Well, at one point one market said so and we went there. They
were mistaken. We weren't happy. Finally we called the local Vons
market (aka Safeway, aka Cerberus Capital Management which
also
owns Albertsons). They said they had 'curly mustard'. We didn't really
understand,
wondering if they were trying to differentiate from Asian mustard
greens (which don't really work in this salad). But off we went and what they
meant is shown in the picture. Couldn't find them in the regular
produce section and asked. Produce person pointed to a refrigerator
case on the wall where we finally found bags of washed,
pre-cut
mustard greens, labeled
curly mustard.
Well, they weren't as good as a fresh bunch, but we had our roast
chicken leftovers and we weren't going to not go for it, so in a pinch
it worked.
It actually ended up being slightly cheaper as a half bag was plenty.

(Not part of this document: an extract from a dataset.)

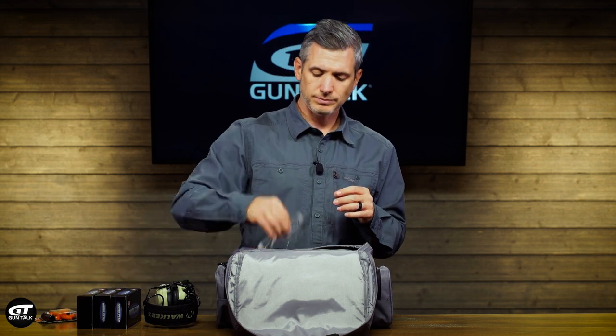You'll also want some sort of eye protection. People will say they can just wear sunglasses, but that may not be the best option. Something like this is actually ballistically rated for impacts — if there was some sort of bullet frag or whatever it may be. They also wrap around a bit, which your sunglasses may not have depending on the style. So make sure you have good eye protection.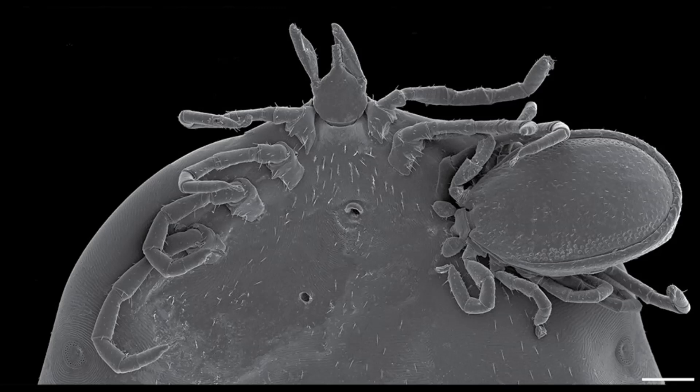Engorged soft ticks can be besieged by unfed individuals who opportunistically drive their mouth parts into the fed individual to steal part of the blood meal, he says. But that's not all that is notable about the specimen.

But do try to get the fresh bunch.
Roast
Chicken Leftovers
We usually buy a 6 lb chicken for our Friday night dinner. Since we
also have mashed potatoes and sautéed snow or snap peas, there is going
to be a lot of leftovers. Usually about a pound once taken
off the bone. More than enough for 2 people in this big salad recipe.
We like the chicken to be at room temperature or just slightly above
when we put it on the salad, but if it has just come out of the fridge,
a nice trick it to put it on a plate and cover with lettuce (to provide
some coverage and moisture), then microwave at a low power for a
short period.
The Recipe
- Mustard greens, bunch. We suggest at least 12 oz to a pound depending on what you like.
- 3 oz. currants or raisins (see above)
- 3 oz red wine vinegar
- olive oil
- 2 tsp Dijon mustard optional
- Few drops Nam Pla (fish sauce), optional (for umami)
- 8 ounces slightly stale open-crumbed, chewy, peasant-style
bread, we prefer Seeduction Bread (see above) cut/torn into about 1/2" cubes
(larger if you like, besides you don't have to and mostly can't be exact)
- 4 large cloves garlic, smashed and chopped or otherwise
chopped into small pieces.
- 4-6 green onions (or to taste), chopped into about 1/4"
pieces, all the white, some of the green
- Pine nuts, toasted, 1/3 cup give or take
- Black Pepper, preferably from a pepper mill
- OPTIONAL but a nice thing if you can: Some leftover gravy and/or chicken broth (see above). About
1 TB if thick or concentrated (such as the Trader Joe's where you can use 1 packet), a few TB if thin.
- Leftover roast chicken or turkey, 12oz to 16oz, or whatever you like to eat. We like our own roast chicken
which was
cooked with lots of rosemary. Tear into bite size pieces. In a pinch,
get a rotisserie chicken from the market (but watch out, they can be
very salty so cut down on any other salt you might use).
- Walnut oil (or other 'specialty' oil of your liking, such
as hazelnut, etc. Maybe even avocado?)
- Large grained salt such as Sea salt or Kosher Salt, optional
A few hours before dinner, or even in the morning, soak the raisins (or
currants) in the wine vinegar.
Pull
the leaves of the mustard greens off the stalks, discarding the stalks.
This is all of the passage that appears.